"AkitaOnRails" On Anatomy of Ruby Blocks/Closures
30/Nov 2007
Fabio Akita’s “AkitaOnRails” series at RubyLearning.com, for would-be Ruby developers, has been quite a hit. Today in another article, Fabio talks in depth about Ruby’s Blocks/Closures, This is a rather long article but well worth the time invested in reading it. The entire source code for the programs in this article is available here.
Fabio Akita is a Brazilian Rails enthusiast, also known online as “AkitaOnRails”. He regularly write posts on his own blog and had published the very first book tailored for the Brazilian audience called “Repensando a Web com Rails”. He is now a full-time Ruby on Rails developer working as Brazil Rails Practice Manager for the Utah company Surgeworks LLC.
Note: You may want to brush up on Ruby Blocks and Procs before going through Fabio’s article.

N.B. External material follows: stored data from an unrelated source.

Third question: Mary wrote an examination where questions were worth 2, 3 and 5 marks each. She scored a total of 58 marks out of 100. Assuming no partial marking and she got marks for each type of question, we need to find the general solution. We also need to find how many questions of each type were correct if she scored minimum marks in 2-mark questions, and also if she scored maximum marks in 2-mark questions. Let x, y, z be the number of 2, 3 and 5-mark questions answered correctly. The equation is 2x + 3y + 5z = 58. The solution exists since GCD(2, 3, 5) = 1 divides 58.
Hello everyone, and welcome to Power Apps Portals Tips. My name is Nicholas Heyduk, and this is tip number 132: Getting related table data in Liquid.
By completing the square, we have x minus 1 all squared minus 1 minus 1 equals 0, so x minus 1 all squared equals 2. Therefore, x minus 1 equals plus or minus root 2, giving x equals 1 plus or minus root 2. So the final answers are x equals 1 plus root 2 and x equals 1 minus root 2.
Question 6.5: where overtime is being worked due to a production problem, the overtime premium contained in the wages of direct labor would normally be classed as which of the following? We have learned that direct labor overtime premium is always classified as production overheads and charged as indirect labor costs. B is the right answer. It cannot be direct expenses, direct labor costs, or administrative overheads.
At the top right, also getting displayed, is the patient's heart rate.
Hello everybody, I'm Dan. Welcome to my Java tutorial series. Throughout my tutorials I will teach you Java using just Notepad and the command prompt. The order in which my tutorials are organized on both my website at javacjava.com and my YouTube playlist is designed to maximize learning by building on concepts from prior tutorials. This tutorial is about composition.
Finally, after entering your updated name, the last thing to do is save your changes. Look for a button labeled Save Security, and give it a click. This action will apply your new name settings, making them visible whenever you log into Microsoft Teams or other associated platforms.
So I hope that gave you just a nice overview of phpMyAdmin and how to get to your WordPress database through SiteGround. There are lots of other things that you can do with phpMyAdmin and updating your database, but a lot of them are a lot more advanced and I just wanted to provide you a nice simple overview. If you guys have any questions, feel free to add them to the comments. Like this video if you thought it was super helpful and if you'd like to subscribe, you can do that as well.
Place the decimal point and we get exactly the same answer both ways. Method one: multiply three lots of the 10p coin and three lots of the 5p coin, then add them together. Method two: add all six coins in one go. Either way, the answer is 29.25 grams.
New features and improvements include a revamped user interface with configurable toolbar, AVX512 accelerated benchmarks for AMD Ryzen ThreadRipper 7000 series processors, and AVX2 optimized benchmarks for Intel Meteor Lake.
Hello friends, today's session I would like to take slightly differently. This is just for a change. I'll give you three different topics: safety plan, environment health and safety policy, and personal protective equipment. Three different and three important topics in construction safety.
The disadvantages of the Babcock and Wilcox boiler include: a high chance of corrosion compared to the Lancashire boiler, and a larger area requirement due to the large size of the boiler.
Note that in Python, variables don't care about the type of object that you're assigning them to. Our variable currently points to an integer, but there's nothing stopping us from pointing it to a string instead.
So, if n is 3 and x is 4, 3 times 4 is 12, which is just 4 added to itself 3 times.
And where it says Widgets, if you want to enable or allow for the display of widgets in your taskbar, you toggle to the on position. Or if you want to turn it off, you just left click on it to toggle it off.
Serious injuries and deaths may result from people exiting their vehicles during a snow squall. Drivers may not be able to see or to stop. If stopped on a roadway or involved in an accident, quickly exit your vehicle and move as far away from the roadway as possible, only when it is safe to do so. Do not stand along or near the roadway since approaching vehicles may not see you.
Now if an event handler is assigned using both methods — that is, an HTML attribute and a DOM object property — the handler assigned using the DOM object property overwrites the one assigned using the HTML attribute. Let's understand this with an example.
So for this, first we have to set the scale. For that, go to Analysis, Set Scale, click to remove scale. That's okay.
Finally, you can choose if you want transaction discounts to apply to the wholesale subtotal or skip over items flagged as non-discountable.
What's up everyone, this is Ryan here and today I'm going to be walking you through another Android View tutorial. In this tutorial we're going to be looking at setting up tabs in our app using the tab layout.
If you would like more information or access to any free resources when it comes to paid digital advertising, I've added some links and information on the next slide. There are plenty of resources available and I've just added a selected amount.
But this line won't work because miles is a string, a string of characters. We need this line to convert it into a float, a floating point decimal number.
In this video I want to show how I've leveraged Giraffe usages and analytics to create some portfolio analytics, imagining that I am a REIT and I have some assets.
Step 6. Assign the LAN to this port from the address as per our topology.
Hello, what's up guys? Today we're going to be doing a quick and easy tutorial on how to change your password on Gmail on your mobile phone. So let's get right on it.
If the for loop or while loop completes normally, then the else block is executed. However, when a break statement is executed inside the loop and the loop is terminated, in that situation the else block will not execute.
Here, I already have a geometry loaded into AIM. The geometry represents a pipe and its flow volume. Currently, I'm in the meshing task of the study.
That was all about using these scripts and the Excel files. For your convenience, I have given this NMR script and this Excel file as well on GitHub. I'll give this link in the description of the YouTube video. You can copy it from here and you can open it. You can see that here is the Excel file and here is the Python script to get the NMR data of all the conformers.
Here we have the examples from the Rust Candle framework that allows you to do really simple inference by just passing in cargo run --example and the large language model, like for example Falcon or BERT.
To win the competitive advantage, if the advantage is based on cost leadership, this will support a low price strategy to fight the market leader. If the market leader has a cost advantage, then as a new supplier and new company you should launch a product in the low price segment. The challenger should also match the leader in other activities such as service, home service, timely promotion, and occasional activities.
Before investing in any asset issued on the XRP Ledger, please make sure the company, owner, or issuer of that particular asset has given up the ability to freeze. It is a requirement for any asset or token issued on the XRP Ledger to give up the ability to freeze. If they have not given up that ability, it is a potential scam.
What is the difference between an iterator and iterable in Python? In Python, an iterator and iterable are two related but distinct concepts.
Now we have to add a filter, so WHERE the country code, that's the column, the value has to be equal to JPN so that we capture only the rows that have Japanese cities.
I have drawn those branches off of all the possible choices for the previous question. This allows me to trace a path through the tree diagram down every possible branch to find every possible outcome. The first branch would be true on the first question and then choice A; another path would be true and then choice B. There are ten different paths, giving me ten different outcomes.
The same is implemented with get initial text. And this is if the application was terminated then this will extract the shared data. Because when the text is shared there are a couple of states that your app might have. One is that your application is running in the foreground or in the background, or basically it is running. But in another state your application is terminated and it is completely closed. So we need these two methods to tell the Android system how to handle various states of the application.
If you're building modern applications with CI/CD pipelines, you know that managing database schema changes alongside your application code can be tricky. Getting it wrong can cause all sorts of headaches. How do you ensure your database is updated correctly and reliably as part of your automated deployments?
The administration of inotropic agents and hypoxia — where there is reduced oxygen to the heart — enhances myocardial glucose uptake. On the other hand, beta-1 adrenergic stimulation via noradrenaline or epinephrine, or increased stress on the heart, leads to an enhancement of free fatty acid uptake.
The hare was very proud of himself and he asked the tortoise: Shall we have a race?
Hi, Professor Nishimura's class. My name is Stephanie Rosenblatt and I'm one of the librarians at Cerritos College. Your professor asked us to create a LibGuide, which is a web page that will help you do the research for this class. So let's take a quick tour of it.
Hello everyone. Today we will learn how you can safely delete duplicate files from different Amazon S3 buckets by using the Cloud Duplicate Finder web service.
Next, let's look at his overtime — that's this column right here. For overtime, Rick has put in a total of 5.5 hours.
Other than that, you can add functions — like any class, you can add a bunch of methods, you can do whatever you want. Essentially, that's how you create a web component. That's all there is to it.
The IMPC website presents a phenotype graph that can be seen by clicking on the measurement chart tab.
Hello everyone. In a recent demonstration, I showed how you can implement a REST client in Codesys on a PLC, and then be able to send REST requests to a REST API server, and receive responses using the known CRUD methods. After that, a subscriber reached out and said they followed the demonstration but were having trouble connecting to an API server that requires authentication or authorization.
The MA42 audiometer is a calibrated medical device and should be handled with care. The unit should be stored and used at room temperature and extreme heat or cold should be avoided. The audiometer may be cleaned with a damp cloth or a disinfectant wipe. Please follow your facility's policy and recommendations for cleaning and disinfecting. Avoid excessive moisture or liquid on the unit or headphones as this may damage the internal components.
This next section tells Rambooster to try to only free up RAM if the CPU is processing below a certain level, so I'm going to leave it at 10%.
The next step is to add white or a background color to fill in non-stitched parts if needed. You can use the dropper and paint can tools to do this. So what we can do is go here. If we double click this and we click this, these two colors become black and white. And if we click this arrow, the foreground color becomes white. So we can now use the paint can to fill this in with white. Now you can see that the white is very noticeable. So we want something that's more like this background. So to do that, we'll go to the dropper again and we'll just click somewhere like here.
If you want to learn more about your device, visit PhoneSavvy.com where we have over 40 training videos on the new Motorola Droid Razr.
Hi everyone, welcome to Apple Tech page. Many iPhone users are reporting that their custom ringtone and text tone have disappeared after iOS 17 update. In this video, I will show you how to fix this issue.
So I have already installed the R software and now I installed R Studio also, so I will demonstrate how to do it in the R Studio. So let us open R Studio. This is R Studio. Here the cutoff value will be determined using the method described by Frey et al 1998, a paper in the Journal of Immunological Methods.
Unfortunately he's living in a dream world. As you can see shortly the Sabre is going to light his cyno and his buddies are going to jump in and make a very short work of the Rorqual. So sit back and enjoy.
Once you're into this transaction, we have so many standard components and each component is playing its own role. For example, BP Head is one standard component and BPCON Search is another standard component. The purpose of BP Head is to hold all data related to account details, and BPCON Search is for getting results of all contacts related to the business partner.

Fabio>> There is no Rubyism more difficult to explain, than a Closure. I could write an entire book about it. Instead of boring everyone to death with academics, I’ll try to focus only on what one really needs for day-to-day activities.
Let’s start with an example:
# program1.rb
for i in [1,2,3,4]
puts i
end
a = 0
b = [1,2,3,4]
while a < b.length
puts b[a]
a += 1
end
These are very simple iterators, similar to what we have in several languages. The first one with a ‘for‘ construct and the second with the familiar ‘while‘ statement. Nothing fancy here. But let’s see another way of accomplishing the same thing in Ruby:
# program2.rb
[1,2,3,4].each { |i| puts i }
[1,2,3,4].each do |i|
puts i
end
Not too shabby, simpler and elegant, but that’s where people start gasping. The pipes notation is particularly threatening for non-starters. Both the brackets and the do..end notations define an enclosed piece of code that we name as ‘blocks’ or ‘closures’. What’s between the pipes are like parameters to a method. It ‘feels’ like this pseudo-code:
def unnamed_method(i)
puts i
end
[1,2,3,4].each(unnamed_method)
This is not valid Ruby code, of course. That’s similar to what we would do in C# with delegates. We have something similar in JavaScript (using the “Prototype” http://www.prototypejs.org/api/enumerable/each library):
[1,2,3,4].each(function(i) {
alert(i);
});
In Javascript functions are first-class citizens of the language and they can be defined anonymously (without a name), and then passed as parameters to another function. We can manipulate and move functions all over the place.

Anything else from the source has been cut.